Well it appears that Hickman has his own perverted sense of the  ludicrous, and he produced an envelope of yellow balloons printed with  the rally logo and name. Each photograph was to include said balloon with the lettering discernible. There were some blank looks around the  table. Mike explained that you would receive one free "flag". You could have any number up to ten, but each additional flag was going to cost  fifty penalty points. After the start of the rally, no new flags would  be issued, and if you ran out then the only way to get a replacement  would be to beg, steal or borrow one from a rival .... if  you could find one. Did I tell you how big this State is?

I plumped for three balloons for a penalty of 100 points. I think  three was a popular number although at the end of the rally I think the only folk to "lose" a flag were me and one other.

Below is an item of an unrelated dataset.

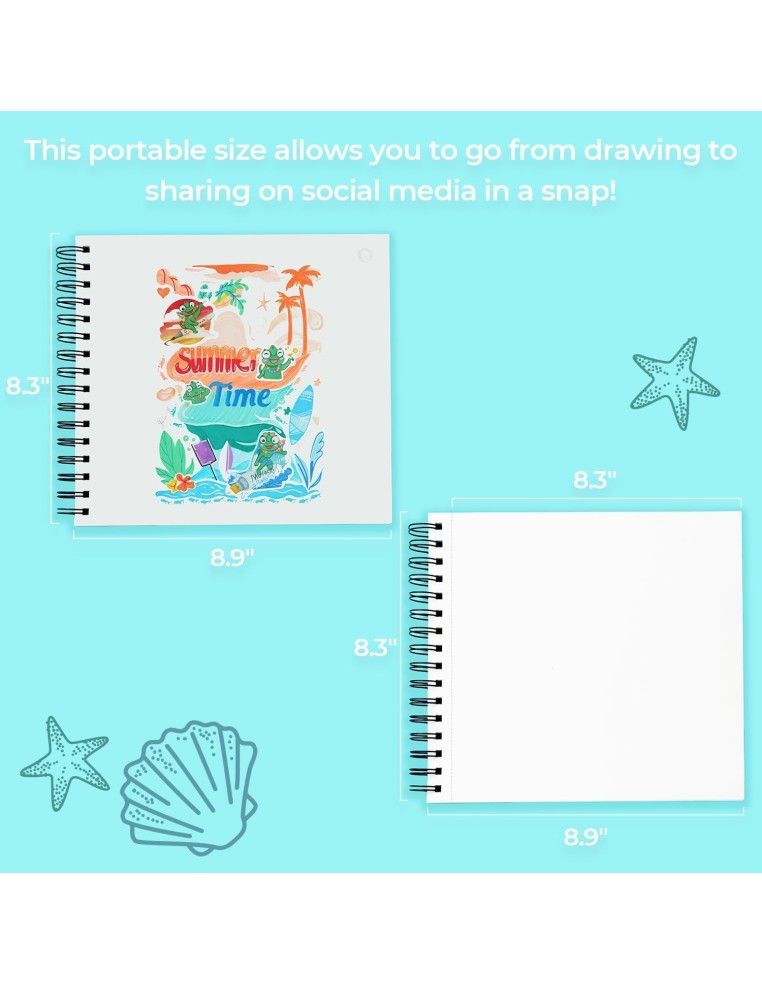 Ohuhu Bleedproof Double-Sided Marker Pad, Square, Spiral-Bound - 8.3 x 8.9" (21 x 22.5cm) - 150GSM/ 90LB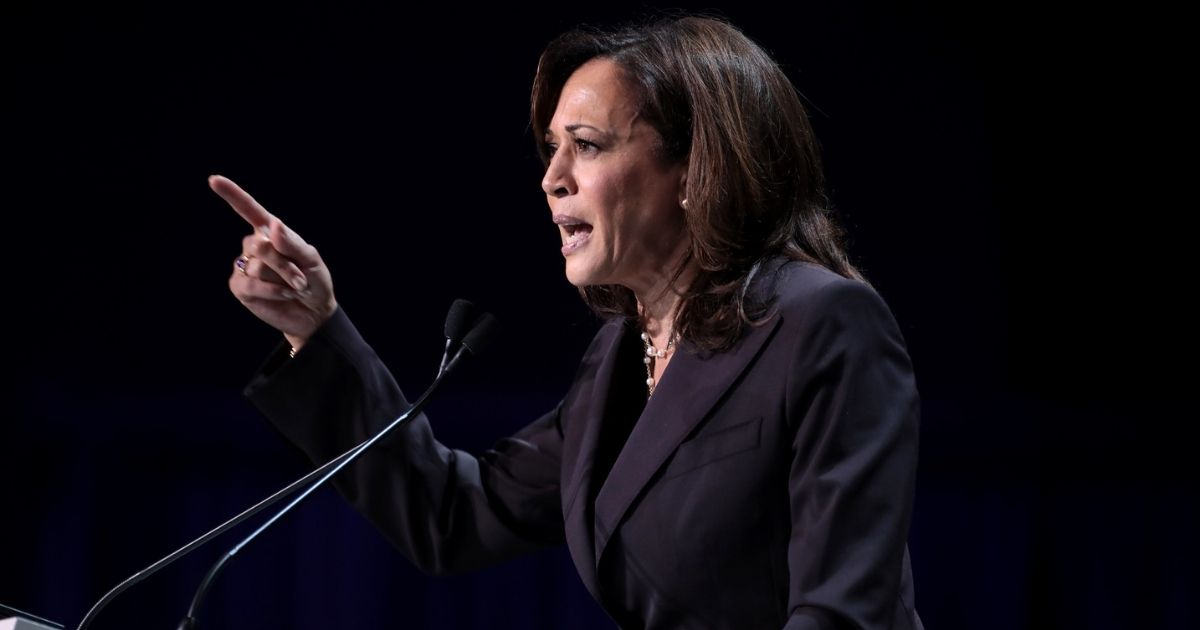 U.S. Senator Kamala Harris speaking with attendees at the 2019 California Democratic Party State Convention at the George R. Moscone Convention Center in San Francisco, California.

This particular piece of "Rally Bastard Humour" didn't work out quite as planned. After the rally it became very clear that the riders, me included, loved them. Everyone had their own solution to the need to "inflate for picture, deflate, store, re-inflate for next picture" problem. I fitted a drinking valve from a water bottle to mine, others simply held them in their hands and lined up the camera, balloon and  objective with the other hand. Either way, it was inspired and I rather suspect that if balloons appear again, most will approve. The downside is that I was hoping for a nice Rally Flag as a souvenir from my first Rally .... now I have two balloons ... heh!

Saturday morning dawned bright and clear, with forecast lows in the  low fifties, and highs in the mid eighties ... just perfect. At nine  o'clock promptly I was waved out first, with Michael performing his very own version of Dale "Warchild" Wilson.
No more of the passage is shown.